Sadly, The Flash doesn't get a costume change, or even a color upgrade. He just looks like this:



For shame, guys. The best part of other characters temporarily getting their hands on Lantern rings is, of course, the costume update that accompanies them:







Have you learned nothing from Blackest Night and all that "War of Light" business leading up to it ...?

There's an all-around stronger, but maybe less exciting, 10-page back-up story by writer Nicole Dubuc and drawn by Cully Hamner. (Hey, that's the second writer with a female name involved in this year's batch of annuals, right? Perhaps DC heard all the chatter about the lack of women involved with the line-wide relaunch a few years ago). It's a fairly typical hero-doing-good-deeds-and-occasionally-failing-but-always-inspiring-others sort of story, focusing on the outcomes of The Flash's good deeds, which, given his super-speed and ability to be almost everywhere at once, can be as small as vibrating through the glass of a vending machine to retrieve a stuck snack.

Hamner's thick, chunky lines, particularly as applied to shading, is always a treat, and when coupled-with his use of speedlines make for some great speed effects — The Flash running behind and between the tiers of panels on the opening page is particularly nice.



Superman Annual
#2:
  This annual is a bit more like those DC  has been publishing in the recent past — an oversized issue either kicking off or featuring the culmination of a storyline running in the regular books (here, it’s the former).
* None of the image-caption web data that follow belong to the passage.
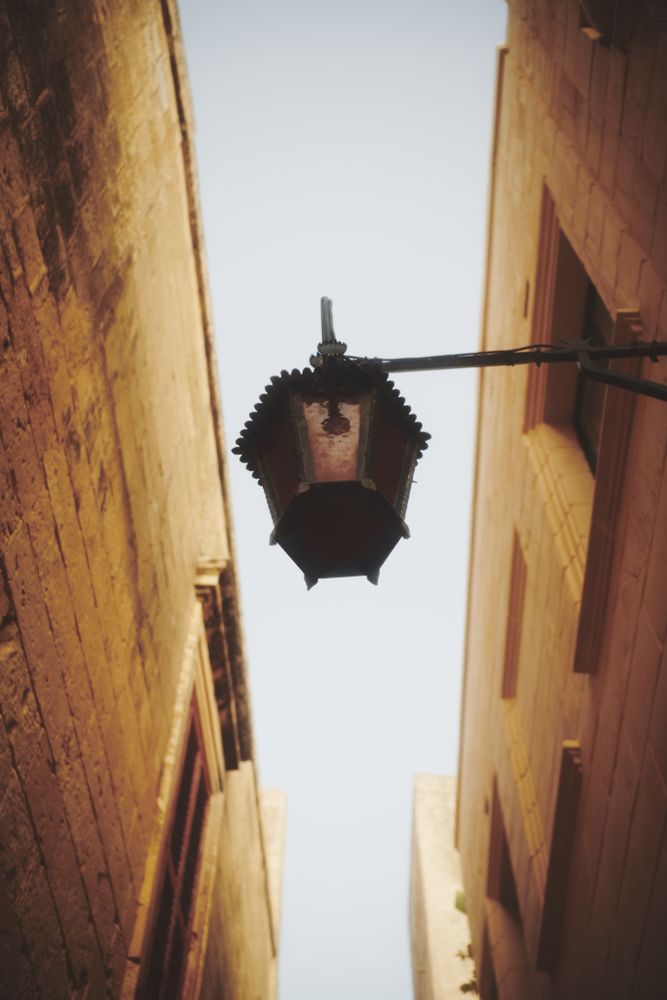 Looking up at beautiful lamp hanging in narrow lane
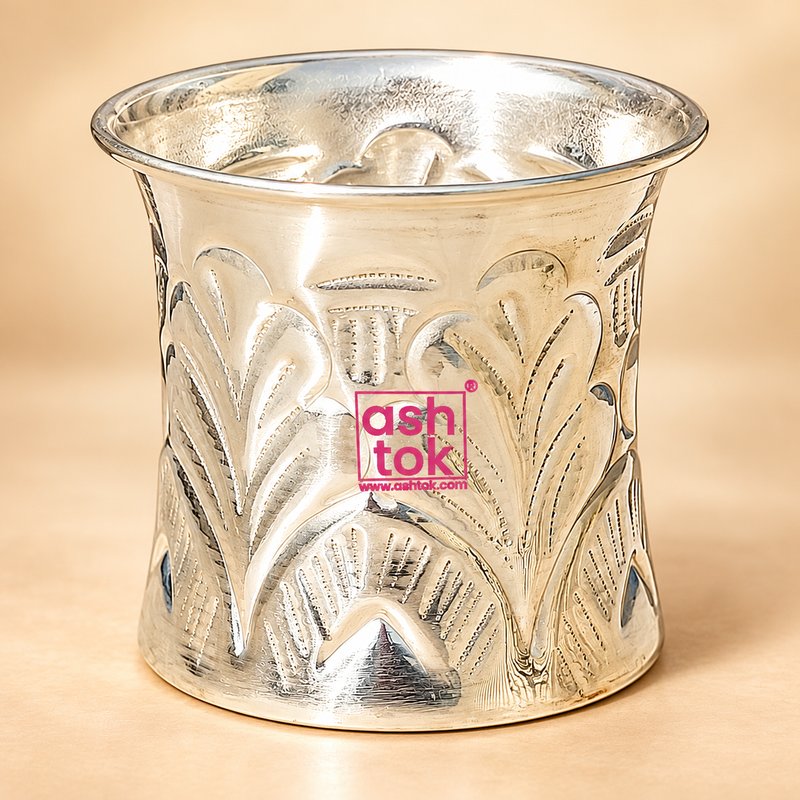 German Silver Nakshee Design Panchpatra displayed as a single traditional pooja vessel on a clean premium beige studio background, featuring a polished silver-tone finish, slightly flared top rim and detailed embossed floral and leaf-inspired Nakshee pattern across the exterior.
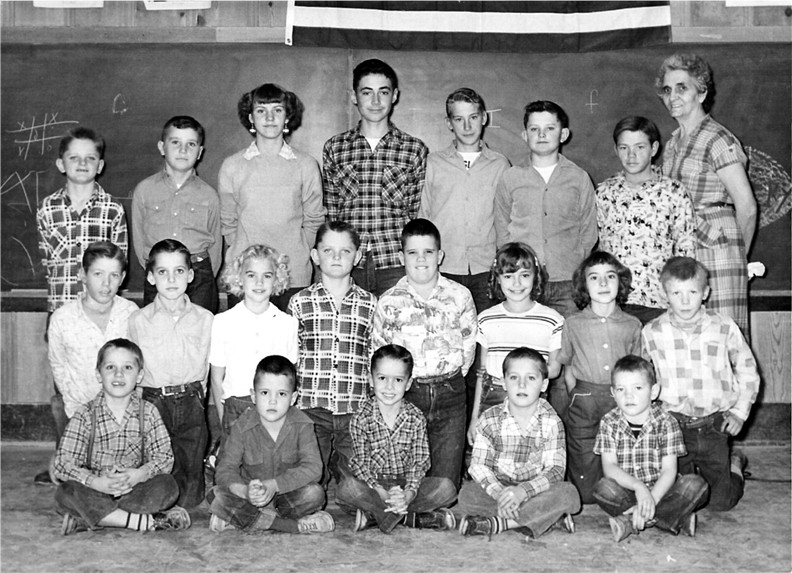 Erick Conard (first row, middle) and Frank Conard II (second row,second from left) at Buckeye School in Lycan, Colorado in 1955.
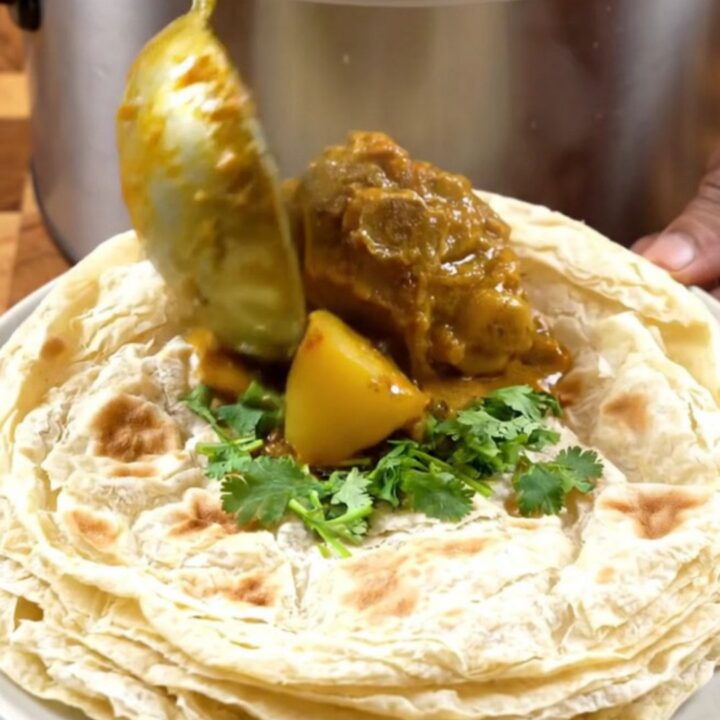 A steaming bowl of authentic Trinidadian curry goat with tender meat, potatoes, and a rich gravy.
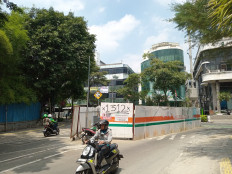 Motorcyclists travel along a street on Monday in Cikini, Central Jakarta, where utility work for a new sewerage system has cut through the road.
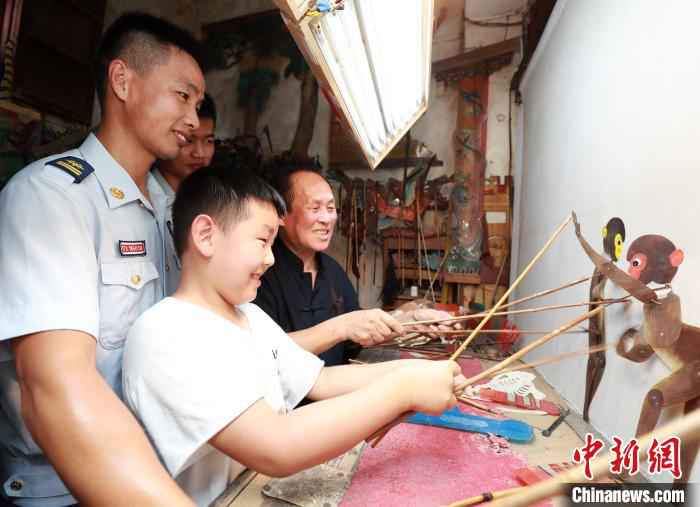 图为秦礼刚正在讲授皮影戏知识 王方 摄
A 32-page story by regular Superman writer Scott Lobdell titled “The Last Byline,” the story ties back to the events of Grant Morrison and company’s first story arc in Action Comics, in which Brainiac attempted to city-nap Metropolis, as narrator and protagonist Lois Lane tries to track down whatever became of 20 missing persons from around the time of those fantastic events (and are suffering from bizarre after-effects)

“My name is Lois Lane,” Lobdell opens with, “I’ve just been murdered”, while the art team of Dan Jurgens and Norm Rapmund present an image of Lois in a party dress, lying on the cement, covered in shards of broken glass.
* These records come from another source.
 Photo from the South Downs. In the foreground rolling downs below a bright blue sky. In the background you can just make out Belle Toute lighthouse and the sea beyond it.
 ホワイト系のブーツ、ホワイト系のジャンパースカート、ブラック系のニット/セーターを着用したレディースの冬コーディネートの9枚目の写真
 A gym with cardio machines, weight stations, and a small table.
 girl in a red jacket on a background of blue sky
From there we flash back to her investigation — which involves people with big, green heads and psionic powers — and follow her back to the point where she was murdered. (This might just be me, but I don’t think she’s actually dead; for one thing, how could she tell us she was dead if she was really dead?)

Lobdell’s story piggybacks somewhat uncomfortably on Morrison’s, assigning other actions and motivations to Brainiac that weren’t there originally, but it’s a decent Lois Lane investigative thriller, with brief appearances by Clark Kent and Superman.



It’s nice to see Jurgens, an artist who defined the look of Superman for many readers, given the sheer number of pages of Superman comics the guy has drawn in the last 20 years or so, drawing Superman again. Despite the changes in design details, like Lois’ hair color or Superman’s much-commented-upon new costume, the characters look so much like “themselves” — right down to cameos by Luthor, Perry White and Jimmy Olsen — that the New 52 Superman comics seem comfortable and familiar, despite some radically different surface changes that some readers are no doubt still getting used to.

Lobdell takes advantage of the greater space allotment to stretch out what might otherwise just be a one-issue story, giving more attention to the ins and outs of Lois’ investigation, and allowing Jurgens for plenty of splash pages or simply layouts of big panels, like two consecutive pages with two panels each, or a page of just two big vertical panels followed by a five-tier, “widescreen” layout.

As nice as it is to see Jurgens, it’s nicer still to see so much of him. The storyline continues into both Superman books and is branded as “Psi War,” so if you want to find out whether Lois Lane is really dead forever, that’s where you’ll have to look.

It’s followed by a rather random-feeling six-page back-up, part four of  “Eradication,” featuring Superman’s parents on Krypton, by Frank Hanna and Tom Derenick. There’s no indication where it started, but it apparently ends in Action Comics #23.